ABOUT THIS EXERCISE ▸ Pictures aside, print all of the data below exactly as written.
******
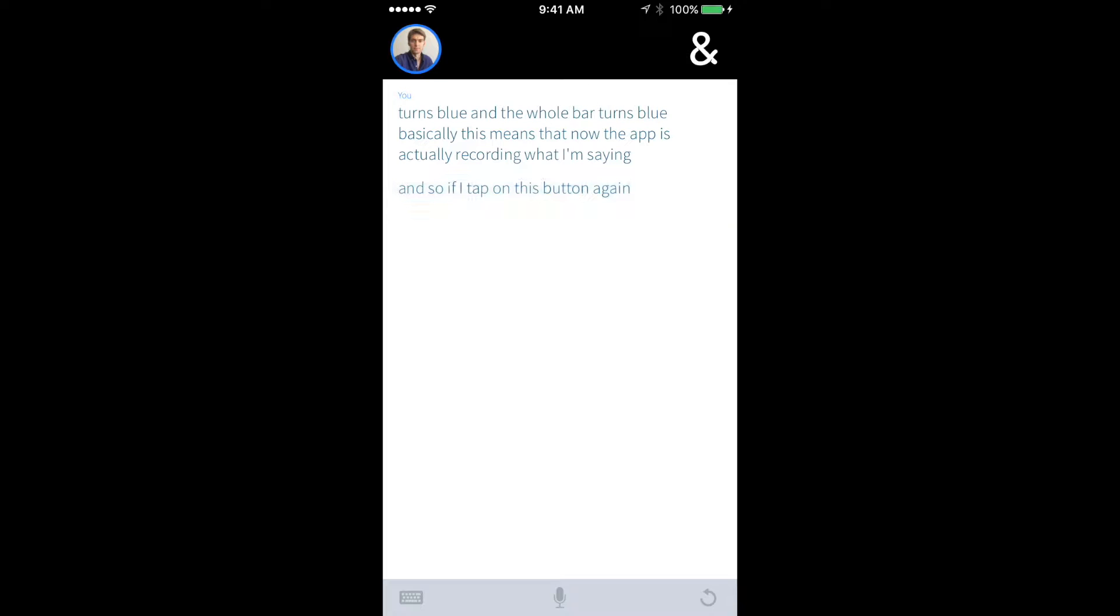In the same way, I can hold my phone up to someone else and see exactly what they're saying. I can erase the text by tapping on the right bottom corner.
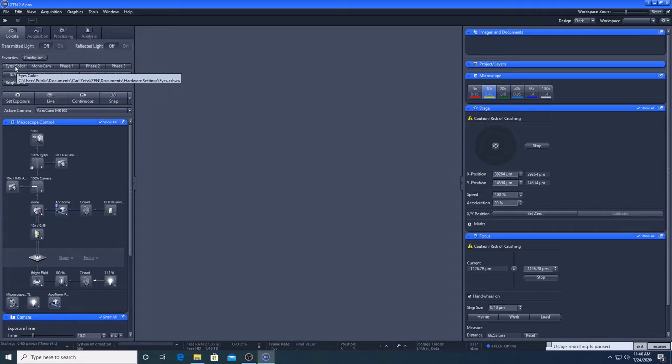Eyes colour is for looking at the sample through the Oculus. Monocam is for viewing the sample with the monochrome camera through the software. You can use these buttons to cycle back and forth between the eyepieces and the camera until you have found your region of interest.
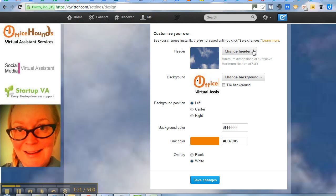But that's it. You just upload it. It gives you the instructions here about what file size you need and then you just click Save. New Twitter profile.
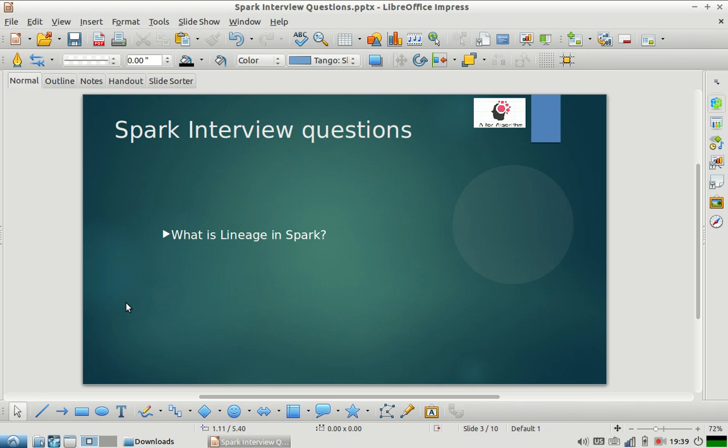Spark says that it will store the information of how RDD2 can be regenerated and how RDD3 can be regenerated from RDD2 by applying which operation. Spark stores the sequence of those operations which were done on RDD1 and which led to creation of RDD10. So this sequence of operations is called lineage.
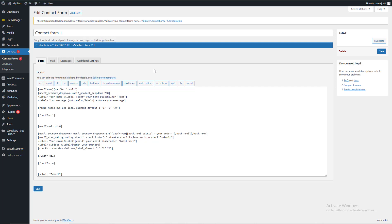We have no styling option. Also, there is no star rating option, and no multi-step form option available in the default Contact Form 7.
******
TASK RESULT ▸
In the same way, I can hold my phone up to someone else and see exactly what they're saying. I can erase the text by tapping on the right bottom corner.
Eyes colour is for looking at the sample through the Oculus. Monocam is for viewing the sample with the monochrome camera through the software. You can use these buttons to cycle back and forth between the eyepieces and the camera until you have found your region of interest.
But that's it. You just upload it. It gives you the instructions here about what file size you need and then you just click Save. New Twitter profile.
Spark says that it will store the information of how RDD2 can be regenerated and how RDD3 can be regenerated from RDD2 by applying which operation. Spark stores the sequence of those operations which were done on RDD1 and which led to creation of RDD10. So this sequence of operations is called lineage.
We have no styling option. Also, there is no star rating option, and no multi-step form option available in the default Contact Form 7.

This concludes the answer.